Cette migration, que Christophe Kantcheff qualifie de « western à l’européenne » (3), nous interpelle sur les défigurations des paysages campagnards soumis au surbétonnage, la ruralité en voie d’extinction, nos rapports avec nos ami(-e)s à quatre pattes et l’évolution de la société contemporaine, y compris la mondialisation, au détour d’une annonce « d’action » (4), à la Coop de Payerne : de l’agneau en provenance de Nouvelle-Zélande…
Pouvons-nous simplement nous accommoder de l’idée qu’au moins les gigots, navarins, souris, préparés avec les animaux à poil laineux déambulant sur l’écran, ne donneront, en principe, lieu à aucune « tromperie sur la marchandise » ou d’arnaque sur la qualité de la viande ?...
Manuel von Stürler a reçu de nombreuses récompenses, comme le Prix du meilleur documentaire suisse, le 27 avril 2012, au Festival « Visions du réel » à Nyon, et surtout, le 1er décembre 2012, celui du meilleur documentaire européen de l’année à La Valette, la capitale de Malte. Comme le précédent film, le chef-d’œuvre d’une heure vingt-cinq minutes a déclenché des applaudissements frénétiques de la très nombreuse assistance, lors des deux projections, les 26 et 30 janvier 2013, dans le Landhaus et la Reithalle, à l’occasion des 48èmes Journées cinématographiques de Soleure.
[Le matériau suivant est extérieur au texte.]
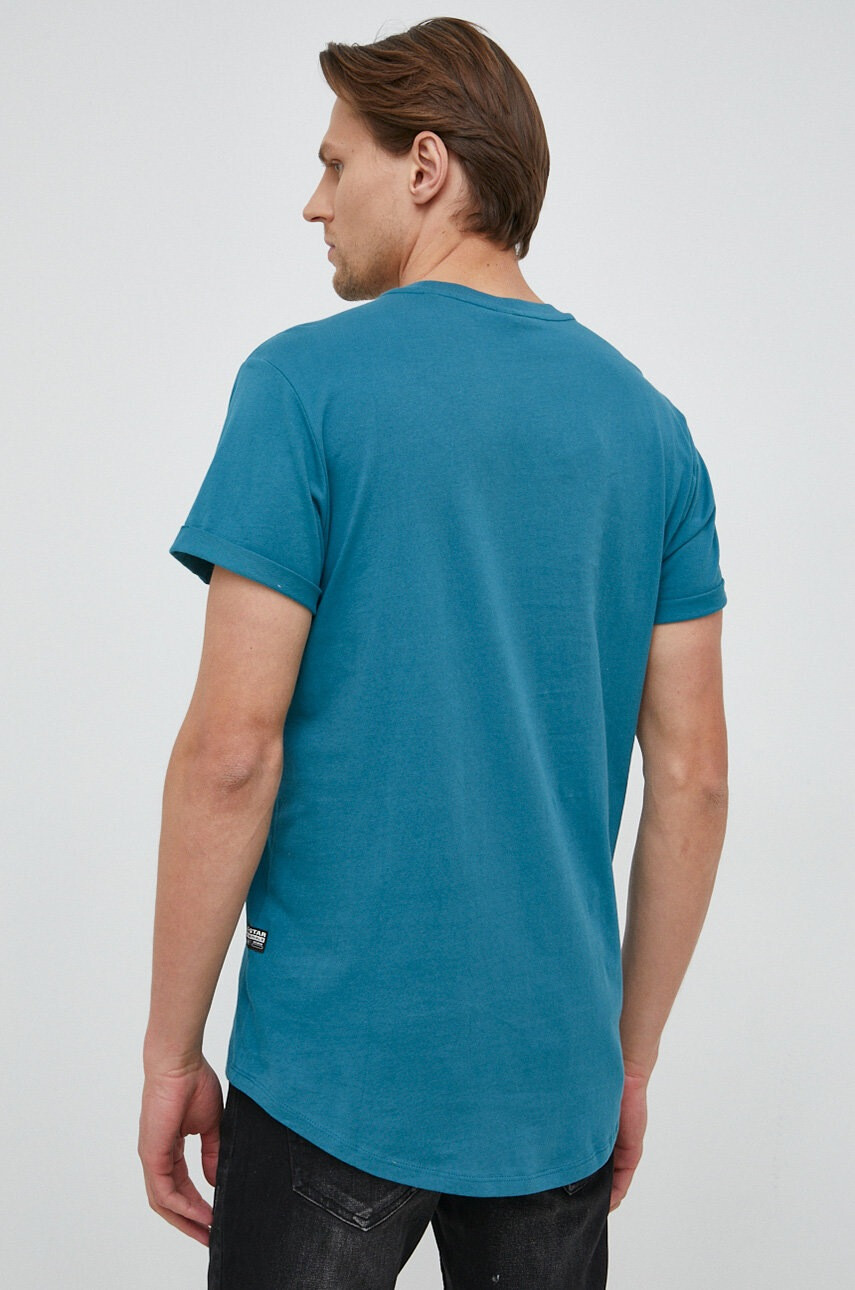 G-Star Raw Памучна тениска - Pepit.bg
Contacts : JMH Distributions SA, 4 rue de la Cassarde, CH 2000 Neuchâtel. Tél. : 0041 32 729 00 20.
KMBO Distribution, 61 rue de Lancry 75010 Paris. Tél. : 01 43 54 47 24.
(1) Cette aventure a ouvert les yeux du réalisateur sur la « los angélisation » du Plateau suisse. Le passage, durant l’hiver 2008, du « peloton » sous ses fenêtres à Vucherens avait suscité son envie de consacrer un film à la transhumance.
(2) Chez Denoël – juin 2008 – 336 pages – 20,30 euros.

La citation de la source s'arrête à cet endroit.